La segunda lección se refiere a la etapa en la que Dios lo es todo para el alma, una etapa a la que, obviamente, aspiramos todos. No basta con que la amistad de Cristo sea nuestro interés primordial. Cristo no es meramente “el primero”: es el alfa y omega, el principio y el fin. No es comparativamente el más importante: es el absoluto y el único. La religión no es uno de los aspectos que complementan nuestra vida – eso es la religiosidad -, sino que forma parte de todos ellos; es la trama en la que deben ir tejidos el arte, la literatura, los afanes cotidianos, la diversión, los negocios o el amor humano. Si no es así, no se trata de religión en absoluto.

La suprema dificultad de la vida interior radica en llegar a vivir así. Y vivir la religión, no como una parte integrante del conjunto de la vida, sino como el elemento dominante en todos sus aspectos, de tal modo que esa exigencia sea, siempre y en todo momento, imperativa; no en el sentido de que el alma se desinterese por todo, excepto por las formas de culto, la teología, la ascética o la moral – lo que podría calificarse de mera religiosidad -, sino de un modo de percibir inconscientemente la voluntad, el poder o la belleza de Dios en todos las cosas, y de que “nada es completamente secular excepto el pecado”.

Esta es, pues, recordémoslo, la vida del alma, y en la medida en que nos acerquemos a ella, estaremos cumpliendo mejor o peor nuestro destino. Y para el alma que ha alcanzado ese estado, Dios lo es todo, se hace “todo” porque no hay nada ajeno a Él: “Ya comáis, ya bebáis, o hagáis cualquier otra cosa, hacedlo todo para gloria de Dios”. La vida en su conjunto parece iluminada por la presencia divina; todas las cosas subsisten en Él y nada tiene valor excepto en relación con Él.

El alma cristiana debe, pues, aspirar a este estado y esforzarse por alcanzarlo, ya que en él radica la plenitud de la amistad de Cristo. Sólo en estas condiciones puede ser Jesús todo para el alma. Y aún más: es el único estado en el que es posible el auténtico abandono.
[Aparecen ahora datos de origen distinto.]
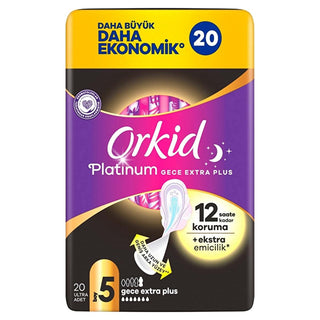 orkid platinum extra plus night sanitary pads size 5, pack of 20 hygienic pads from orkid platinum Orkid Platinum Extra Plus (Size 5) Night Sanitary Pads - 20 Count for Women and Teenagers Orkid Platinum Extra Plus Night Pads Size 5 - 20 Count orkid, sanitary-pads, hygiene, women-health, night-pads, teenagers, extra-plus, size-5, overnight-use, ai-generated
Perder a Jesús si ocupa las nueve décimas partes de nuestra vida produce realmente un dolor extraordinario; sin embargo, aún quedaría una décima parte en la que no se advertiría la pérdida, una fracción de intereses en los que el alma se podría refugiar en busca de consuelo. Pero si ocupa la vida entera, si no hay un momento del día, un movimiento de los sentidos, una percepción de la mente, o un acto de los que Él no sea el fundamento, entonces, cuando se retira, el sol se oscurece y la luna no brilla; entonces, ciertamente, se pierde el gusto por la vida, se marchita el color del cielo, y se desvanecen la belleza de las formas y la armonía de los sonidos. Entonces, y solamente entonces, un alma como esta puede atreverse, sin presunción, a poner en sus labios las palabras del mismo Cristo y clamar: “¡Dios mío, Dios mío!, ¿Por qué me has abandonado? Pues perdiéndote a ti, lo pierdo todo”.